The agreement to buy the basketball team and stadium from Russian billionaire Mikhail Prokhorov may be announced as soon as Friday, said the person, who asked not to be identified because the deal isn’t yet public.

BSE Global, parent company of the Nets and the arena, declined to comment. Tsai -- who has a net worth of $10.3 billion, according to the Bloomberg Billionaires Index -- also declined to comment.

 

The executive previously bought a 49% stake in the team at a $2.3 billion valuation, which is a record for a U.S. pro sports franchise. He had until 2021 to exercise the option to take control of the club, which had its already-improved fortunes buoyed this off-season by the acquisition of star free agents Kyrie Irving and Kevin Durant.

 

Excitement is surging around the franchise, which has spent most of its New York City tenure in the shadow of local rival New York Knicks. The Nets made the playoffs last season for the first time in four years, and adding Durant and Irving could drive up sales of tickets, suites, merchandise and corporate sponsorships.

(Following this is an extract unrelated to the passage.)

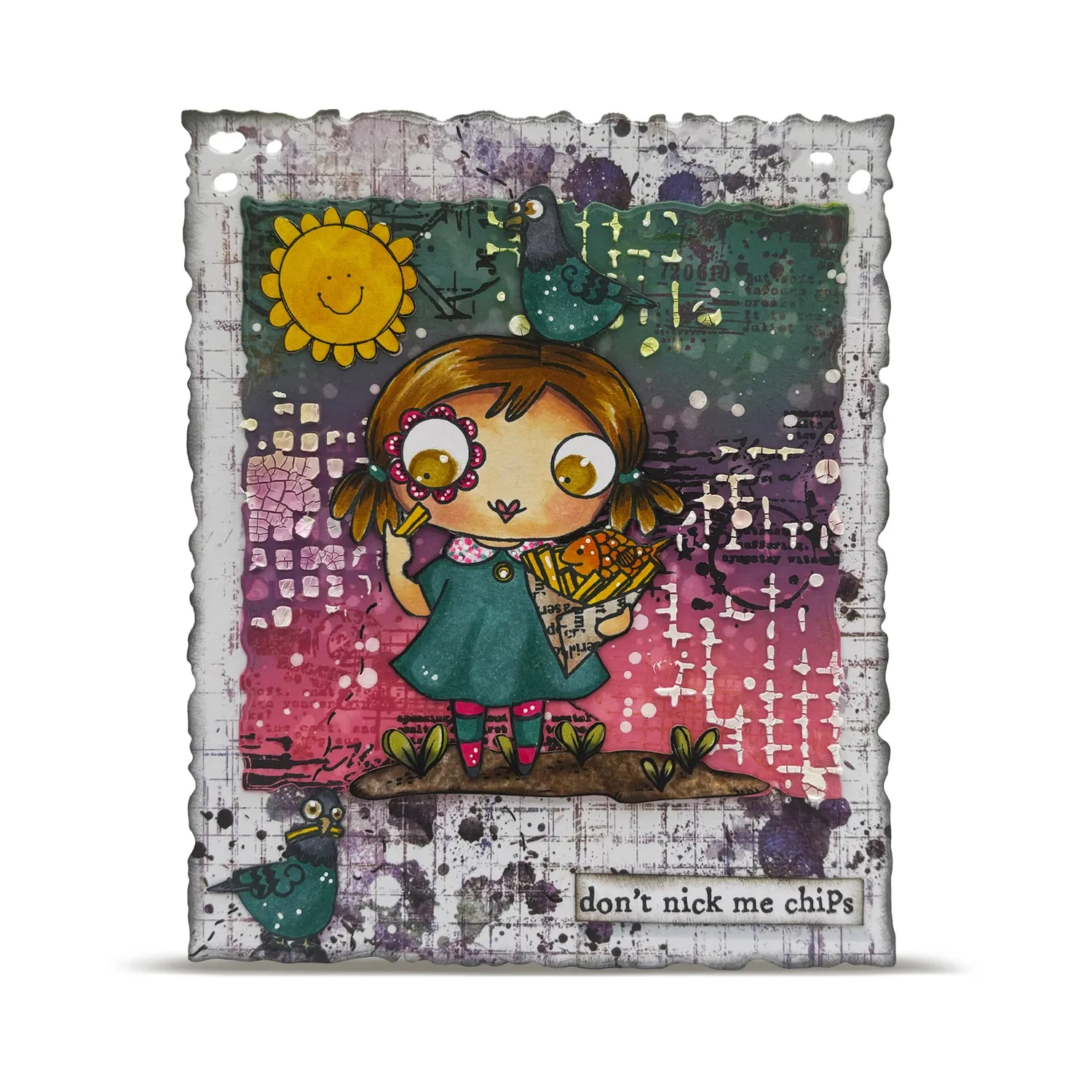 AALL and Create TP-1325 Fish n Chips Stempelset A7
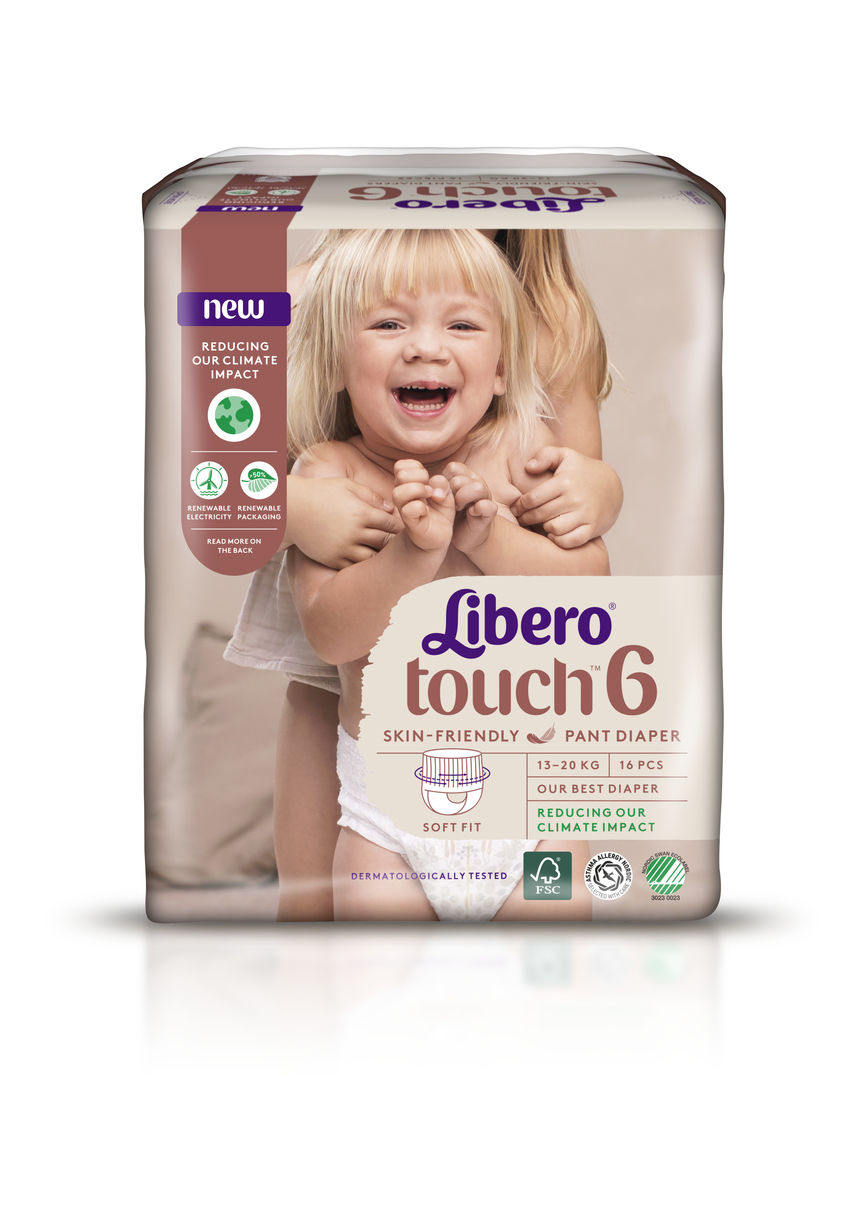 Libero Touch 6 buksebleie 13-20 kg 16 stk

A Yale Law School graduate, Taiwan-born Tsai is one of Alibaba’s 18 founding members. Before being recruited by Jack Ma, chairman of the Chinese e-commerce giant, in 1999, he worked as a tax lawyer at Sullivan & Cromwell LLP. Tsai also owns the WNBA’s New York Liberty and moved to the U.S. in 1977 to attend an elite boarding school in New Jersey.

As part of the shake-up at BSE, Chief Executive Officer Brett Yormark will announce his resignation Friday, a person familiar with the matter told Bloomberg earlier on Thursday.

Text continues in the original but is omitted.